We can look at curated and system-managed environments from the environment link in Azure ML Studio.

To create an experiment, we use a control script. The control script decides workspace, experiment, run and some other configuration required to run an experiment.

Creating Control Script

A control script is used to control how and where your machine learning code is run.

from azureml.core import Workspace, Experiment, Environment, ScriptRunConfig

ws = Workspace.from_config()

experiment = Experiment(workspace=ws,name="python-test")

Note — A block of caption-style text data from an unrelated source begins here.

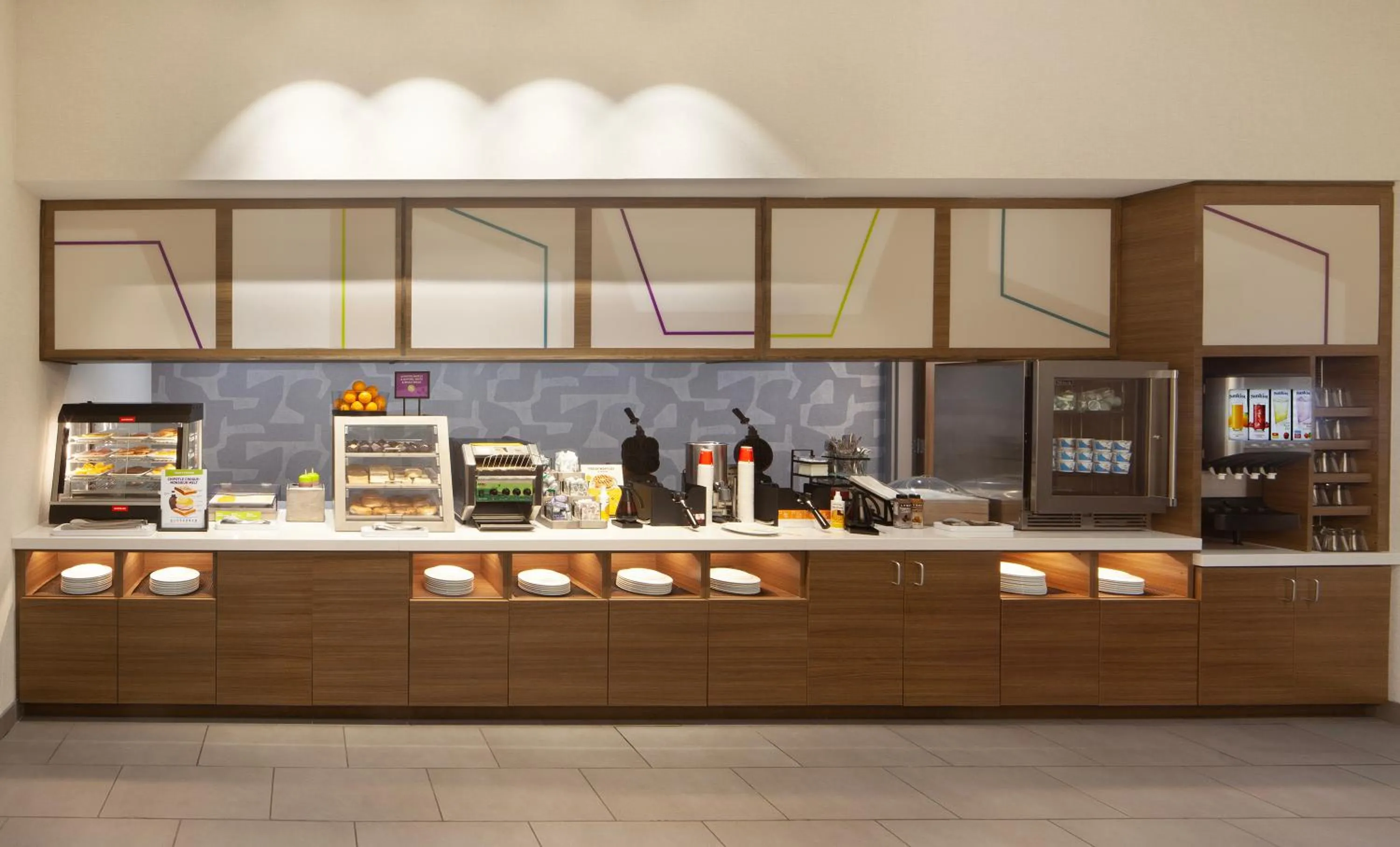 Buffet breakfast in Home2 Suites By Hilton Owensboro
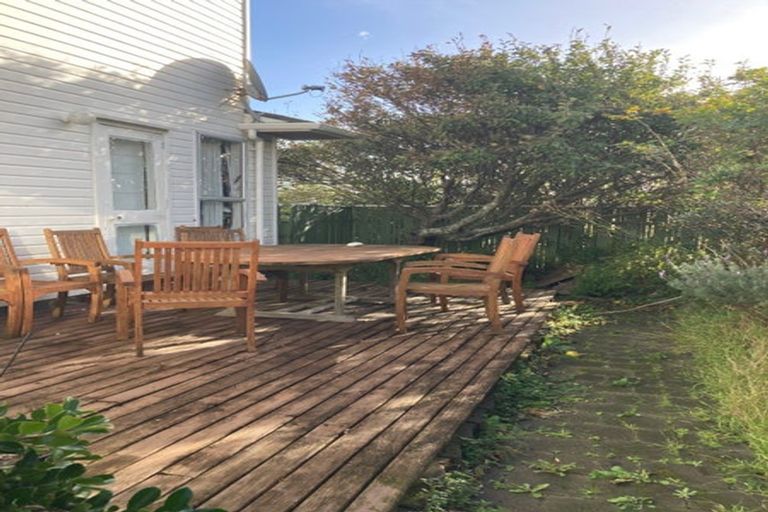 Photo of property in 10 Westview Grove, Miramar, Wellington, 6022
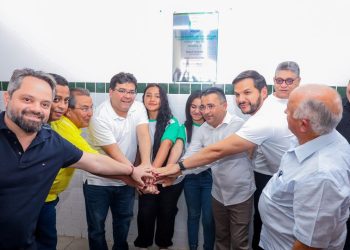 Rafael Fonteles inaugura reforma e modernização de escola em Água Branca
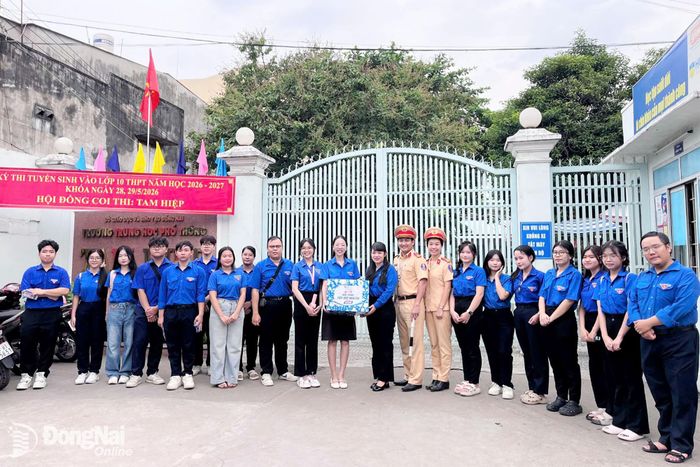 Phó Bí thư Thành đoàn Nguyễn Trần Phương Hà thăm, động viên và tặng quà đội hình tình nguyện tiếp sức mùa thi tại Trường THPT Tam Hiệp (phường Tam Hiệp). Ảnh: ĐVCC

config = ScriptRunConfig(source_directory='./', script='main.py', compute_target="Test-Compute-Manan")

run = experiment.submit(config)

am_url= run.get_portal_url()

print(am_url)
Step Code Function
1 ws = Workspace.from_config() Connects to Azure Machine Learning workspace to access all ML resources
2 experiment = Experiment(workspace=ws,name=”python-test”) Experiment class provides a way to organize multiple runs under a single name.
3 config = ScriptRunConfig( This function is used to configure how we want our compute to run our script in Azure Machine Learning Workspace
4 run = experiment.submit(config) This function submits a run. A run is a single execution of your code.
5 am_url= run.get_portal_url()

 

Running the Experiment

Our control script is now capable of instructing Azure Machine Learning workspace to run our experiment from the main.py file.  Azure ML studio automatically takes care of creating experiments and run entries in the workspace we specified. To confirm what our code did, we can head back to our Azure ML workspace. It created an Experiment and a run. Azure automatically creates a fancy display name for a run which in our case is strong malanga. My first few runs failed because of some configuration errors. Running it for 3rd time marks a successful run for the experiment python-test.